*WHAT YOU SHOULD DO*:
Starting from the top of the entries below and ending with the line containing "Błyszczące złoto srebrny", restate every line word for word, pictures omitted.

(Short text fragments from websites)
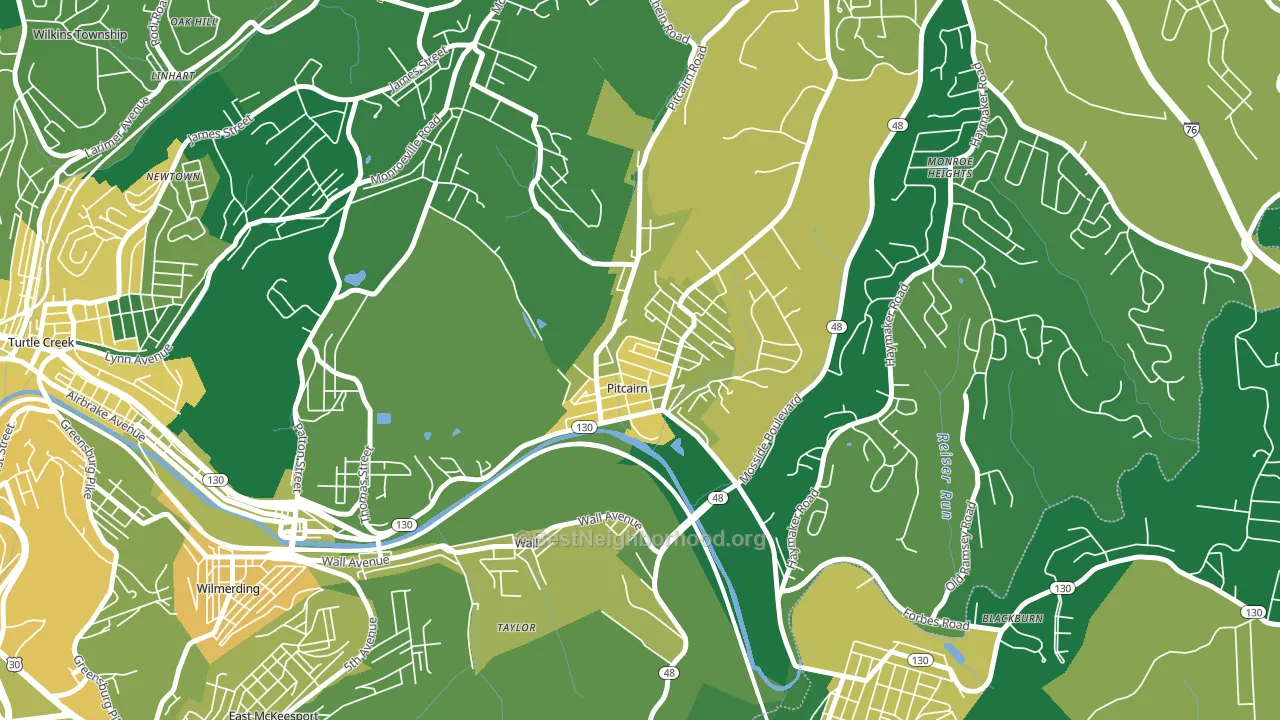 15140, PA block-group voter-turnout map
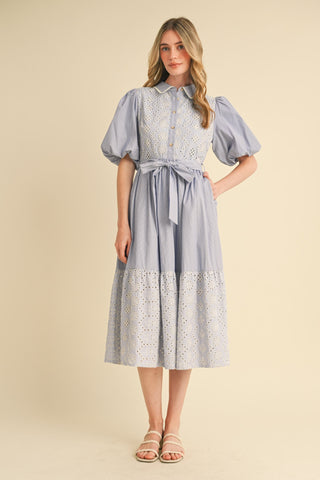 STRIPED EYELET BUTTON DOWN MIDI DRESS
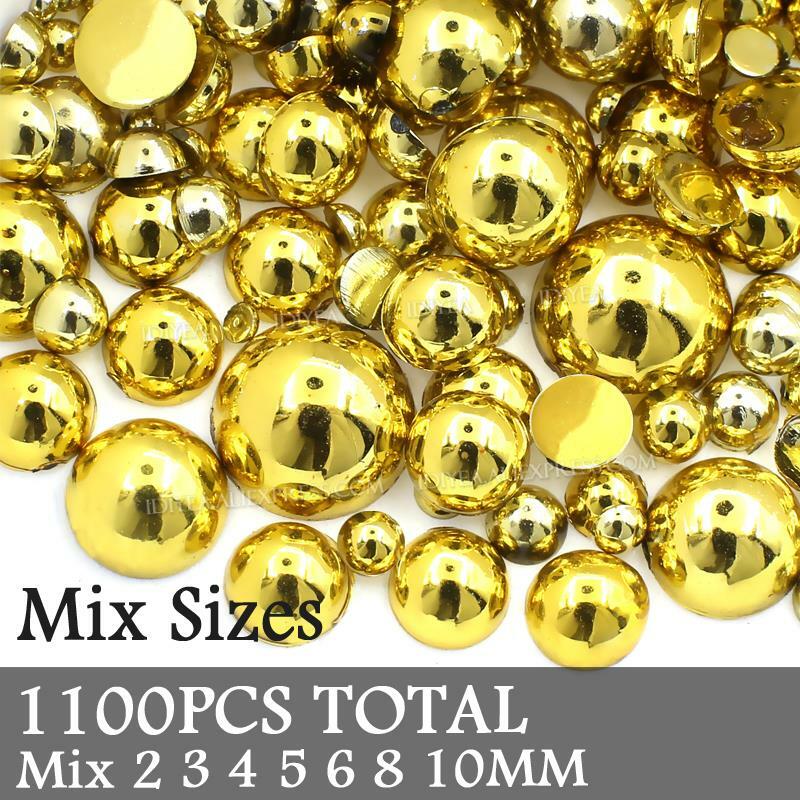 Błyszczące złoto srebrny Mix rozmiary 2mm-10mm półokrągłe koraliki sztuczna perła żywica ABS płaskie powrót Glitters dla majsterkowiczów...
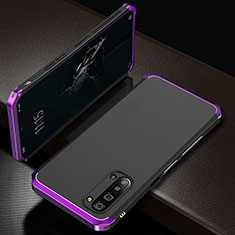 Oppo Reno3用ケース 高級感 手触り良い アルミメタル 製の金属製 カバー T01 Oppo パープル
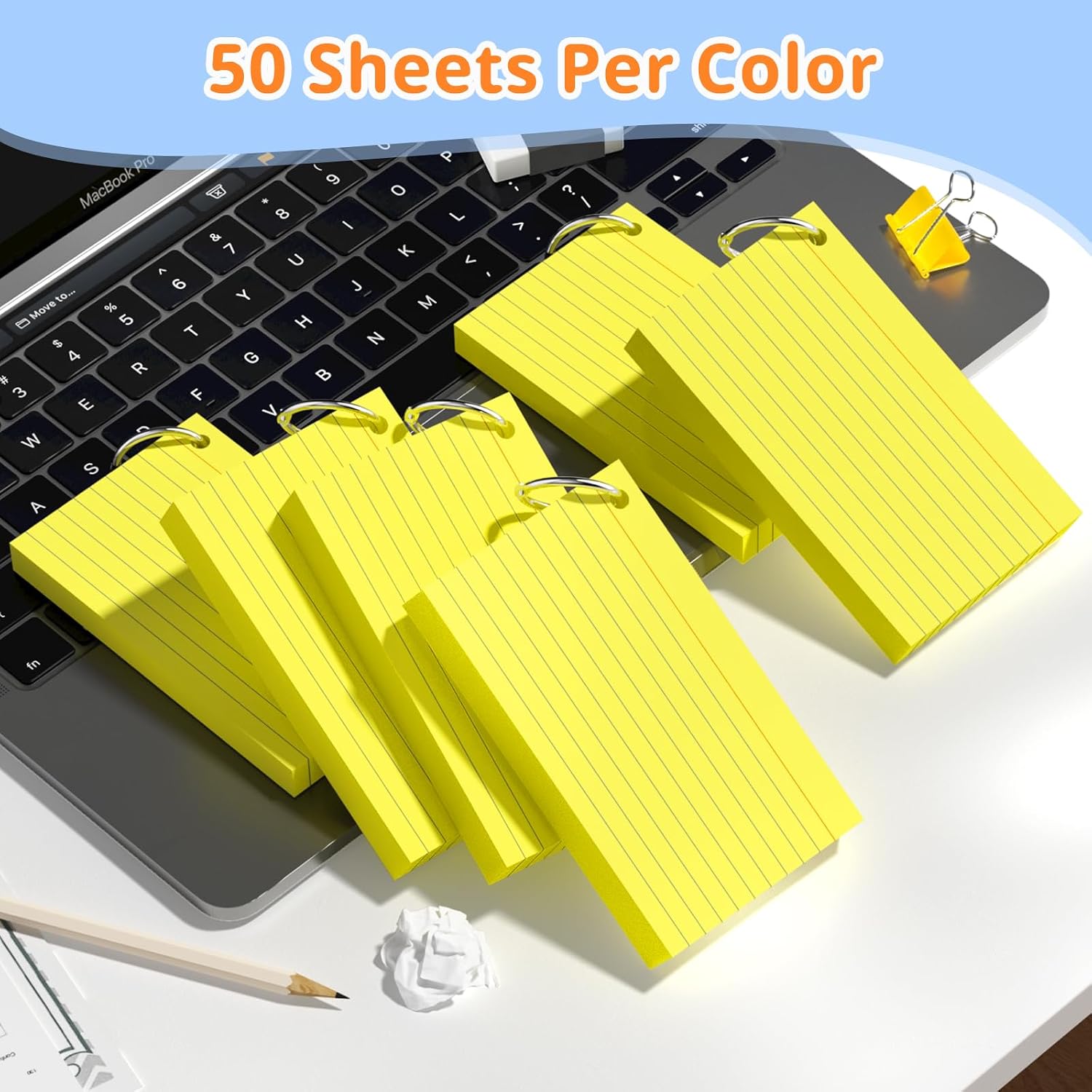 300 count Index Cards 3x5 Inches, Yellow Flash Cards with Ring | Punched Lined Study Card Ruled Flashcards Notecards, Ruled Front and Blank , Note Card for School, College and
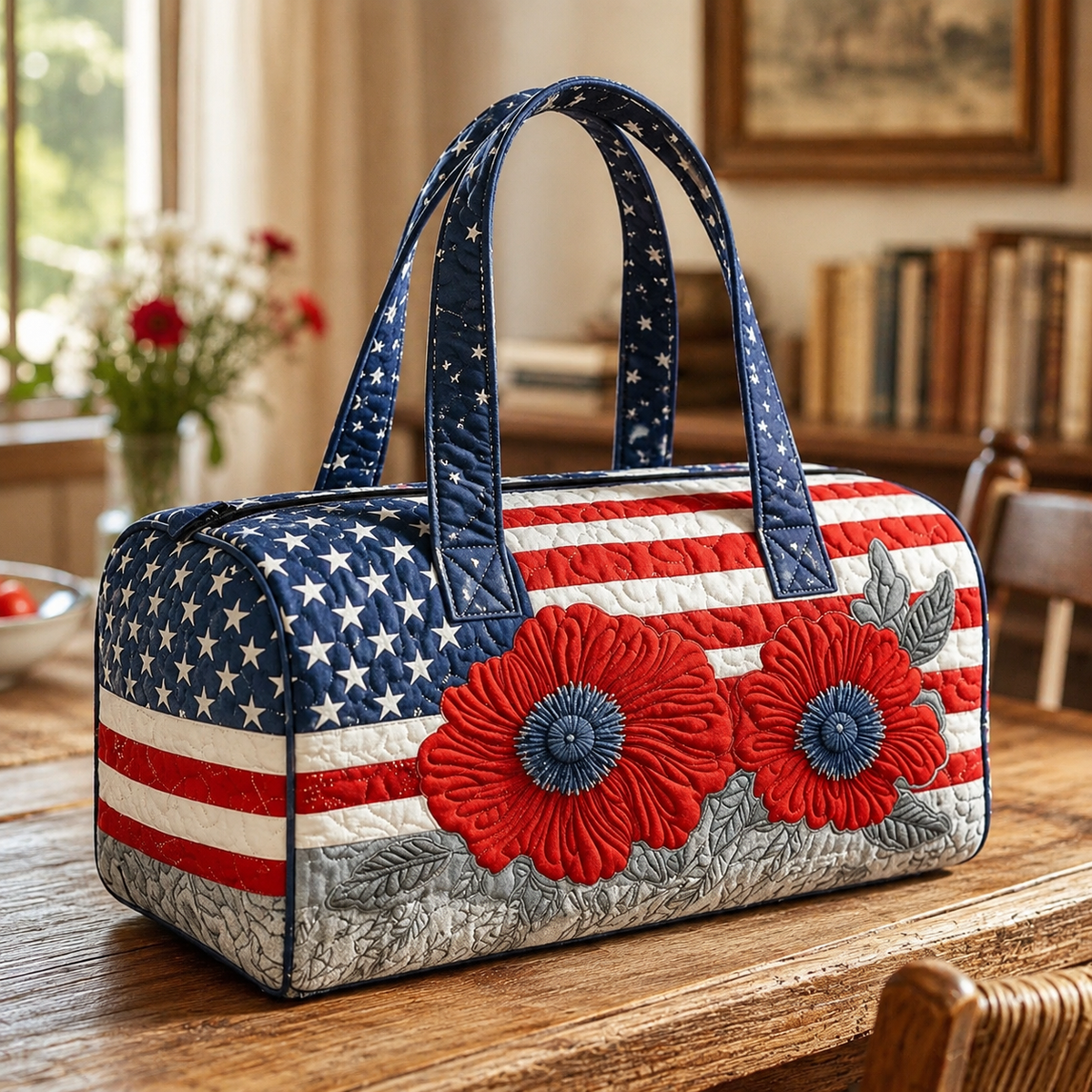 Patriotic Flag Quilted Weekender Travel Duffle Bag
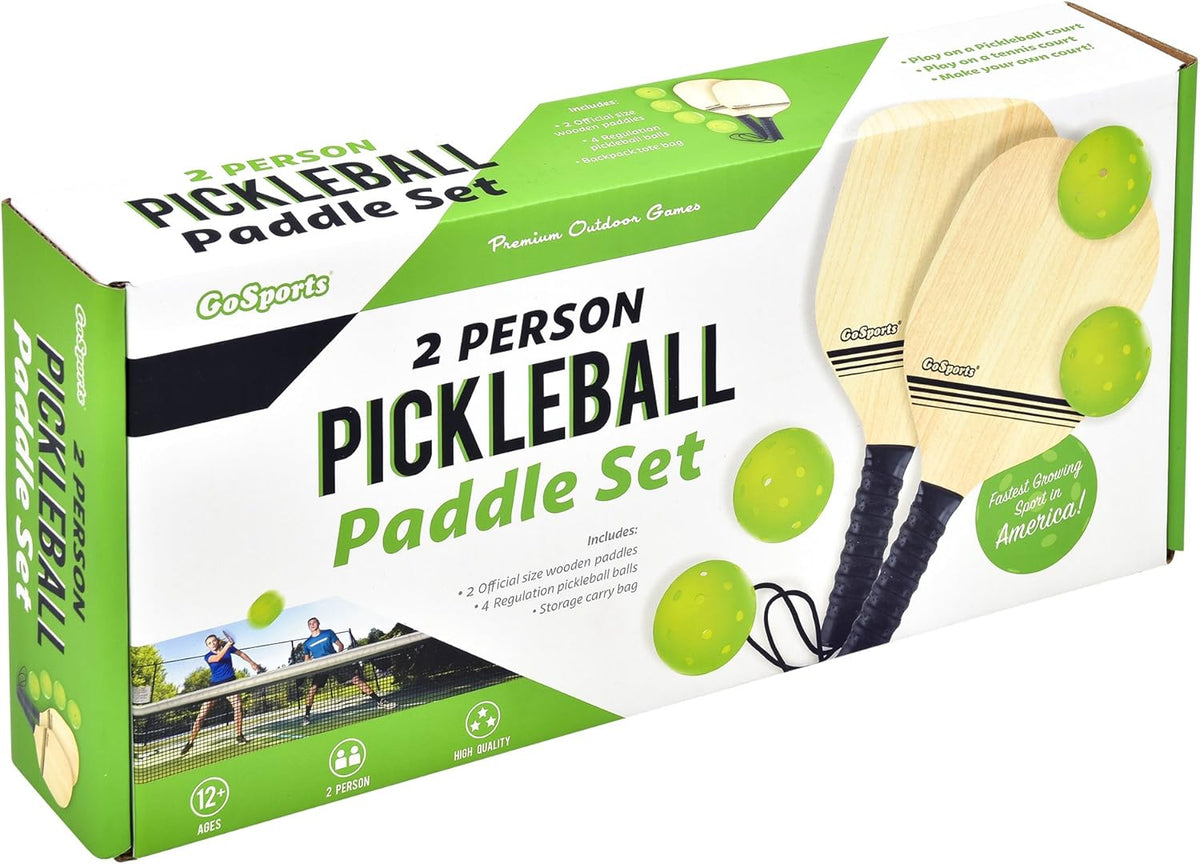 Wood Pickleball Starter Set with 2 Wooden Paddles, 4 Pickleballs & Backpack Tote X5054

*ANSWER BOX*:
 15140, PA block-group voter-turnout map
 STRIPED EYELET BUTTON DOWN MIDI DRESS
 Błyszczące złoto srebrny Mix rozmiary 2mm-10mm półokrągłe koraliki sztuczna perła żywica ABS płaskie powrót Glitters dla majsterkowiczów...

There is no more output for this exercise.